Blue Moon Pathfinder Mission 2
- Names: CS-7
- Mission type: Lunar landing
- Operator: Blue Origin

Spacecraft properties
- Spacecraft: Blue Moon Mark 1 (MK1-SN001)

Start of mission
- Launch date: NET Late 2027
- Rocket: New Glenn
- Launch site: Cape Canaveral, LC‑36

= Blue Moon Pathfinder Mission 2 =

Planned Blue Origin robotic lunar mission

Blue Moon Pathfinder Mission 2 is a planned robotic lunar landing mission developed by Blue Origin as part of NASA's Commercial Lunar Payload Services (CLPS) program. The mission is planned on being the first Blue Origin lunar landing mission available to deliver payloads for customers besides NASA. The mission is targeting a launch and landing in late 2027.

== Overview ==
Pathfinder Mission 2 is the planned second flight of the Blue Origin's Blue Moon Mark 1 lunar lander. Its first mission, The Pathfinder Mission, is a demonstration mission that will test out critical systems of the spacecraft. Both missions are a part of NASA's CLPS Program, and are contracted to deliver NASA payloads. Mission 2 has a total potential value of $190 million.
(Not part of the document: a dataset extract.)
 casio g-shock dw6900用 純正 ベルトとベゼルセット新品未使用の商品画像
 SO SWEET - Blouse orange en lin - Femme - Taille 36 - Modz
To reach this full value, Blue Origin has to design, and demonstrate specific payload accommodations for NASA's VIPER rover.

=== Payloads ===
As of November 2025, Pathfinder mission 2 is only known to be carrying VIPER. Unlike Pathfinder Mission 1, Mission 2 is planned on being available for contracting to carry payloads from other space agencies and companies.
- VIPER (Volatiles Investigating Polar Exploration Rover): A 430 kg lunar rover developed by the NASA Ames Research Center that is designed to search for and determine the composition of lunar ice in preparation of planned crewed lunar landings as a part of the Artemis program.